Ele assentiu, cabisbaixo.

- E eu quero te dizer obrigado. – Continuei, e Harry me olhou confuso. – Por tantas vezes ter salvado a vida de Marie e a minha também. Fico feliz que nós tenhamos deixado o nosso passado para trás.

Harry sorriu suavemente, dando dois tapas no meu ombro.

- Fica tranquilo, Williams. Eu sei que você me ama e não vai suportar viver sem mim.

Rolei os olhos. Eu havia resolvido ser sincero e ele estava sendo um idiota convencido. Harry gargalhou.

- Estou brincando, Ethan. – Ele disse. – Acredite em mim, eu também fico feliz por termos deixado o passado para trás.

Sorri, e continuamos a andar em silêncio, fingindo que o momento de ternura nunca havia existido. Quando esqueci o caminho, conjurei uma escada e subi, enxergando que mais uns setecentos metros, entrando na direita novamente e seguindo reto, chegaríamos ao centro do labirinto. E assim seguimos. Ao adentramos na clareira com um altar e uma pedra vermelha no centro, vi Marie Jean sentada na base de uma escada. Sorri aliviado e corri para abraçá-la.

- Marie! – Exclamei. Ela se levantou, largando a mochila no chão, e correndo para se jogar em meus braços. Abracei-a forte, sentindo seu cheiro de flor misturado com o de suor e... Sangue. Afastei-a bruscamente, olhando para seu corpo. – Você está ferida?
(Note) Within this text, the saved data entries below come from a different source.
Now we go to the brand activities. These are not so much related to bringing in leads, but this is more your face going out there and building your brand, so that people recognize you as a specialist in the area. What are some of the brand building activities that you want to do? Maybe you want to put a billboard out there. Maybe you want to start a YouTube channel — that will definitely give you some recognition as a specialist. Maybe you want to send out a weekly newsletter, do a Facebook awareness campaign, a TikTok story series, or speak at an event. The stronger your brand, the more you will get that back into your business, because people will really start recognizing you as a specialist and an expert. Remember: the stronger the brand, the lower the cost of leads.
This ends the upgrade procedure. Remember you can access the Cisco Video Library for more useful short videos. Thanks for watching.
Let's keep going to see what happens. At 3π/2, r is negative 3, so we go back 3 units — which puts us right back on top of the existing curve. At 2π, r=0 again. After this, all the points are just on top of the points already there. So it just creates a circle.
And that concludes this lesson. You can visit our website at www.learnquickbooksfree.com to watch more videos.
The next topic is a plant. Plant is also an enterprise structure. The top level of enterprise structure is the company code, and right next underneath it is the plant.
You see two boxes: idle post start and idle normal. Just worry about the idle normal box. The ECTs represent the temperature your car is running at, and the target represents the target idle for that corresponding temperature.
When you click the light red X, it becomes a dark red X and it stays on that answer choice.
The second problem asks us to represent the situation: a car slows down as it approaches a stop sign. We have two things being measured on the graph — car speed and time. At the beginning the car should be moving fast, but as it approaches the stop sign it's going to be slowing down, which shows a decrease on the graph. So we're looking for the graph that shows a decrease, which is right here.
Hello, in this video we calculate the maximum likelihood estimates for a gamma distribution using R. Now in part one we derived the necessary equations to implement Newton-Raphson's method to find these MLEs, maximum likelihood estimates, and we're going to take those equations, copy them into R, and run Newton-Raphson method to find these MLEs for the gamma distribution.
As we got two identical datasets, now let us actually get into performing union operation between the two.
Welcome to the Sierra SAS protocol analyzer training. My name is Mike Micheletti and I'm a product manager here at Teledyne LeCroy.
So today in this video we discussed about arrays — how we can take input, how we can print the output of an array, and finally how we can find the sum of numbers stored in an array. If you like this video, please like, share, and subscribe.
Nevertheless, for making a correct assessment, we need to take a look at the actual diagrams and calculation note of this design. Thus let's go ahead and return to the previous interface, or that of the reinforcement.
- Apenas alguns arranhões. – Ela disse, olhando para si mesma e murmurando o feitiço de cura. Olhou para meu braço arranhado pelas garras do grifo fêmea e fez o feitiço novamente. – Pronto, problemas resolvidos. Harry, você está bem?

Virei-me e encontrei-o com uma expressão triste, olhando da pedra avermelhada no altar para nós dois. O alívio e a alegria de ver Marie sã e salva haviam-me feito esquecer de que Harry estava sofrendo. Que amigo ingrato e péssimo que eu sou.

Sentei-me na beirada do altar, com Marie de um lado e Harry do outro. Tomei alguns goles de água que Marie me ofereceu, e respirei fundo.

- Como será que os outros estão? – Perguntei.